Et signons avec le Greffier./.
Observations de Joseph ISSA-SAYEGH, Professeur agrégé, Consultant
1. On ne peut qu’être d’accord avec le juge du référé lorsqu’il considère que l’ordonnance de référé n’est pas susceptible d’opposition (article 250 CPC Sénégalais), mais seulement d’appel et que l’appel n’a pas d’effet suspensif (article 49 AUVE).
2. Mais on ne peut le suivre lorsqu’il estime que les termes génériques « jugement » et « décision juridictionnelle » prévus respectivement par les articles 350 CPC Sénégalais et 34 AUVE ne concernent que les décisions rendues par les juges du fond à l’exclusion des ordonnances de référé. C’est peut-être vrai pour l’article 356 CPC Sénégalais (nous n’entrerons pas dans cette discussion), mais pour l’article 34 AUVE qui emploie, exprès, un terme générique (cf. Joseph ISSA-SAYEGH, Quelques aspects techniques de l’intégration juridique : l’exemple des Actes uniformes de l’OHADA. Revue de droit uniforme, UNIDROIT, Rome,1999-1, p.5..).

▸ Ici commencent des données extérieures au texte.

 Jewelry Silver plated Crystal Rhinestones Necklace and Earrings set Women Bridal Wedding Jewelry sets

3. Enfin, qu'il nous soit permis de dire quelques mots de l'astreinte prononcée sur son principe et sur son point de départ.

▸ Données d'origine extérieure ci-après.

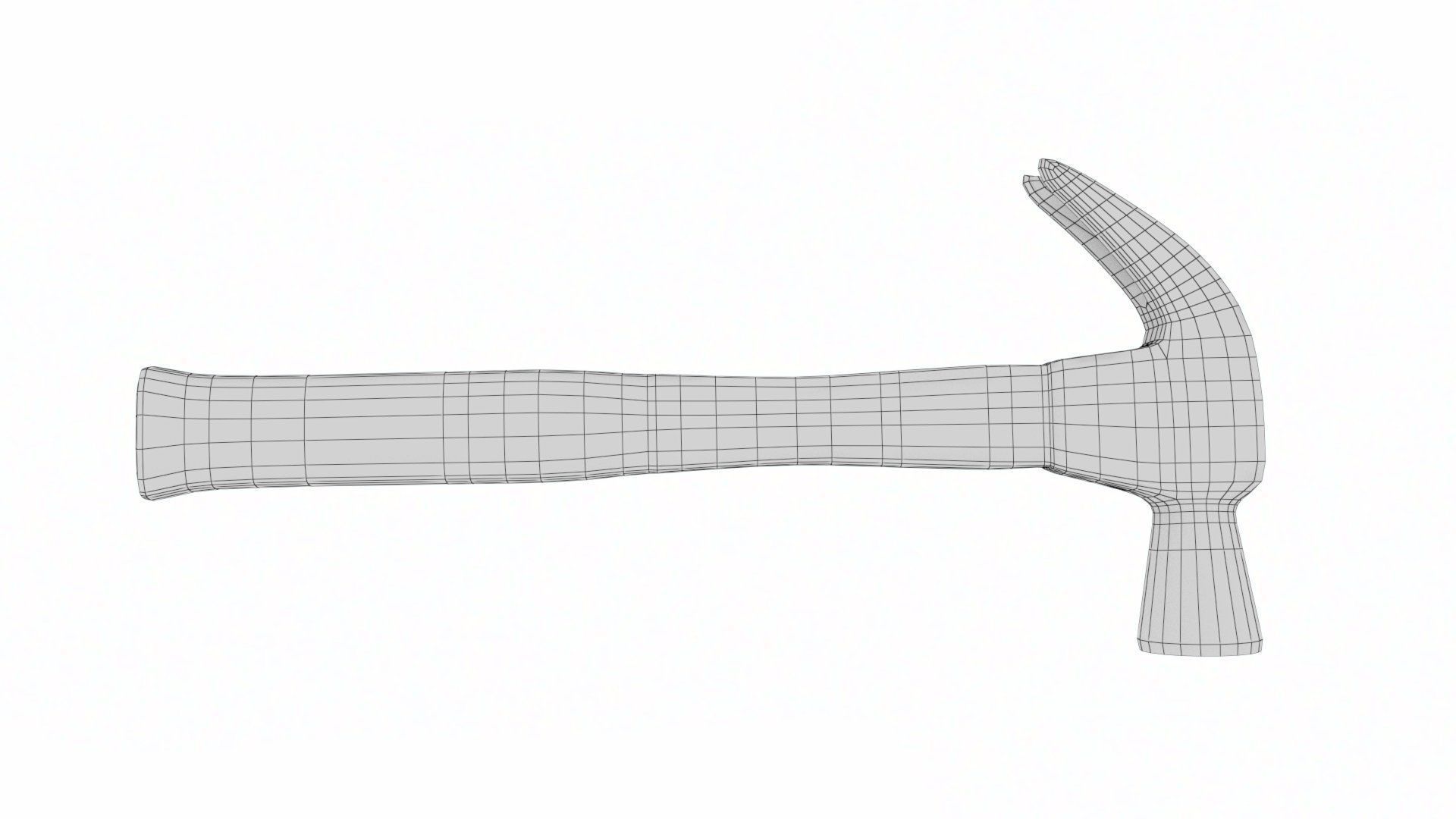 Worker tool set - Hammer Nails Tape Measure Low-poly 3D model_36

Sur le principe même de l'astreinte, le juge des référés condamne d'avance le tiers saisi à obtempérer puisque, même en cas d'appel du créancier, l'ordonnance devra être exécutée. l'appel n'étant pas suspensif. Or, les exemples ne manquent pas où l'on a vu des tiers saisis condamnés à dédommager le créancier saisissant qui avait obtenu gain de cause en appel, au motif qu'il se serait exécuté à la légère, alors même qu'il n'avait fait qu'obéir à un ordre légitime. Certes, ce sont les décisions de condamnation qui sont critiquables, dans ce cas, mais cela démontre l'incohérence ou le défaut d'harmonisation du comportement des juges.
Deuxième question : pourquoi n'avoir pas fixé le point de départ de cette mesure (au jour de la signification de l'ordonnance ou à partir d'un délai déterminé postérieurement au prononcé de l'ordonnance ? Il est évident qu'en l'absence d'une telle précision, c'est la date du prononcé de l'ordonnance qui en constitue le point de départ, ce qui est tout à fait irréaliste si on considère qu'il faut un minimum de quelques jours pour que le tiers saisi prenne ses dispositions afin d'opérer la mainlevée de la saisie d'une façon effective et correcte.